Bulk surveillance data collection makes citizens more vulnerable to terror attacks and costs lives, according to former NSA whistleblower William Binney.
Testifying before the U.K. government’s Joint Select Committee reviewing the controversial draft Investigatory Powers Bill (IP Bill), Binney argued that bulk data collection has already cost lives in the United States, and that it tends to swamp intelligence analysts with too much information rather than allow them to be more selective about what information they gather.
Binney said that if they had been using a more targeted approach to data collection, French intelligence “could have had the opportunity to stop them before the attack” in the November 2015 terror actions in Paris. Binney also said that the U.K.’s Government Communications Headquarters (GCHQ) should not do bulk data collection given that the law to allow it is currently still in draft form.

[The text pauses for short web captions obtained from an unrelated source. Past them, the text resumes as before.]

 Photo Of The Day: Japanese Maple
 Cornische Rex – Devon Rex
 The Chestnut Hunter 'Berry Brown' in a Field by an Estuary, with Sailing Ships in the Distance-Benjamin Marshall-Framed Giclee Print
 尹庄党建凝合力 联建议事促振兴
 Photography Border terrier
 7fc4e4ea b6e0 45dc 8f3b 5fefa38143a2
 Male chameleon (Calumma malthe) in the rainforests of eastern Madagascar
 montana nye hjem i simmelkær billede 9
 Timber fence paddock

When the committee asked whether bulk data collection would give the GCHQ another tool “to find needles in haystacks,” Binney answered: “It’s not helpful to make the haystack orders of magnitude bigger, because it creates orders of magnitude more difficulty in finding the needle,” adding that “using a targeted approach would give you the needles and anything closely associated to the needles right from the start.”

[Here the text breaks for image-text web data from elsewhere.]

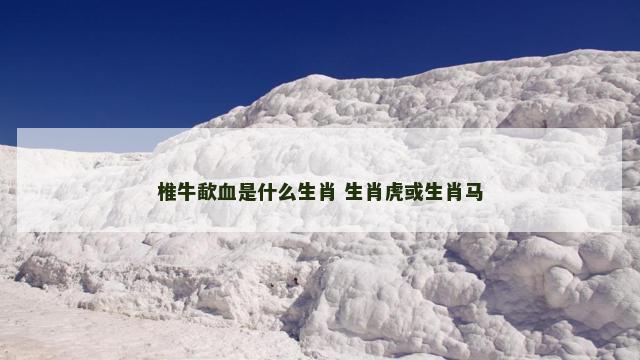 椎牛歃血是什么生肖 生肖虎或生肖马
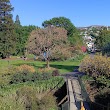 Dunedin Botanic Garden Lookout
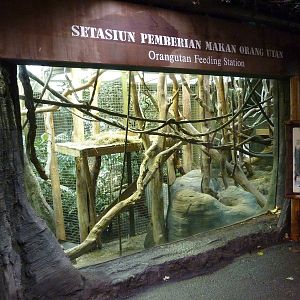 Orangutan Exhibit - Indoor Viewing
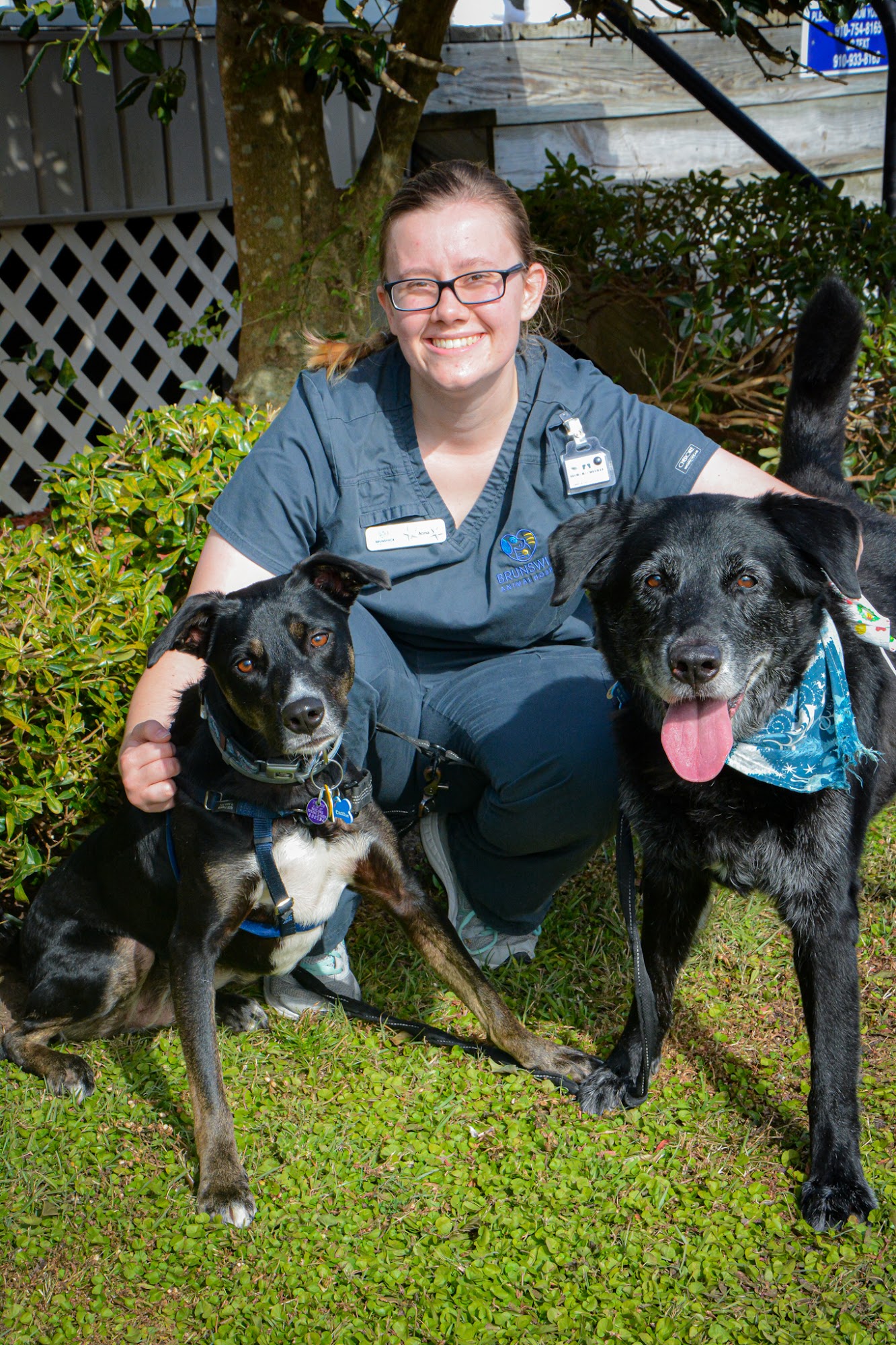 Brunswick Animal Hospital Supply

Speaking about NSA’s bulk data collection program, Binney said it “has made their analysts fail, and they have failed consistently since 9/11, and even before that.” Binney testified that using a more targeted approach to data collection “will give privacy to everybody in the world.”

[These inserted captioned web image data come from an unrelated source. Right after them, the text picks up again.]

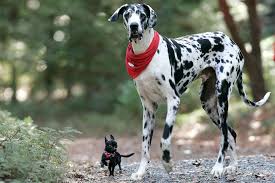 Afbeeldingsresultaat voor honden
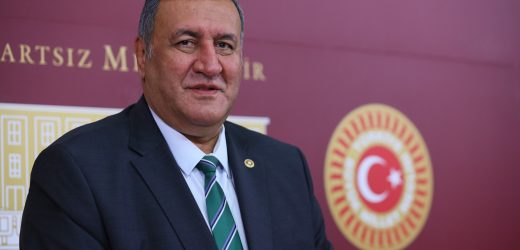 Gürer: “Engellilere engel olmayın”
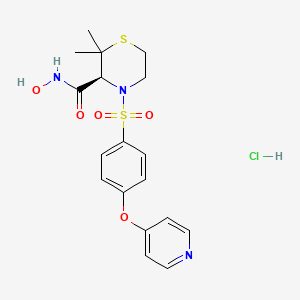 (S)-N-Hydroxy-2,2-dimethyl-4-((4-(pyridin-4-yloxy)phenyl)sulfonyl)thiomorpholine-3-carboxamide hydrochloride chemical structure (CAS 1435779-45-5)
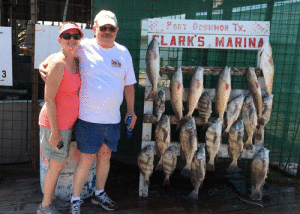 The Gumpl’s from Schulenburg, TX with their catch from 5/2/15. This was their first POC fishing trip. The fish were caught on live shrimp and sardines, fishing with Capt. RJ Shelly.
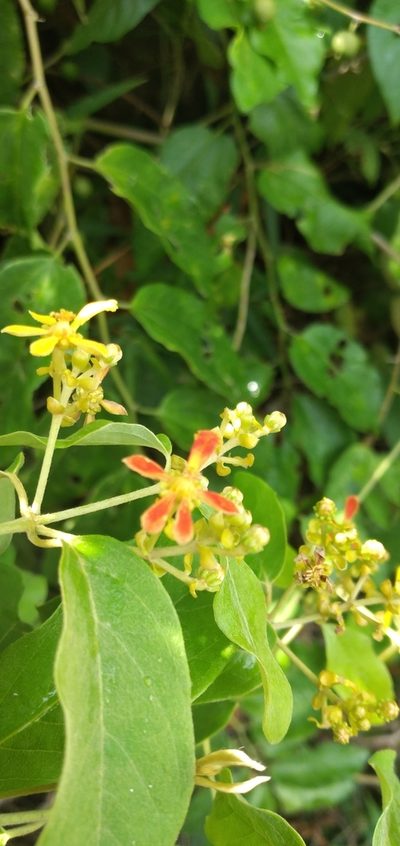 Dicella nucifera, photographed by Fede y Vani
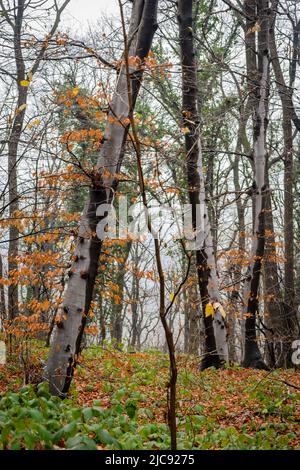 Fruška gora National Park near Novi Sad through the fog, in the winter. Stock Photo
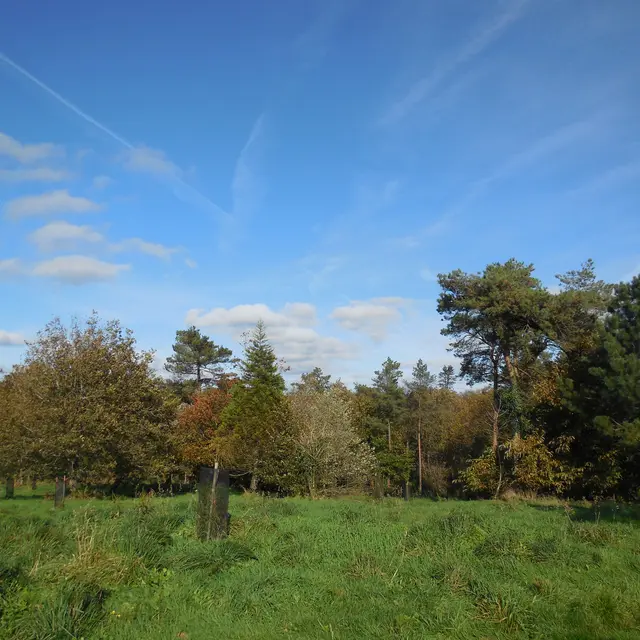 arboretum du Pavé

Unredacted Snowden disclosure
The NSA targeted “the two leading encryption chips used in Virtual Private Network and Web encryption devices,” reported Glenn Greenwald of The Intercept this week. That information had been redacted in earlier reports from The Intercept about NSA activity revealed in the Snowden leaks in 2013, due to concerns that terrorists might be able to use the information to identify and avoid using encryption products that had been subverted by NSA.
Greenwald revisited the original leaked documents in light of the recent disclosures about backdoors in Juniper Networks firewalls, and decided that it was in the public interest to publish the unredacted sentence.
Speaking to The Intercept, Matthew Green, a cryptography expert at Johns Hopkins, declined to speculate on which manufacturers the NSA document references. But Green told The Intercept that “the damage has already been done,” and that he believes foreign companies are increasingly concerned about working with encryption technology from U.S. companies.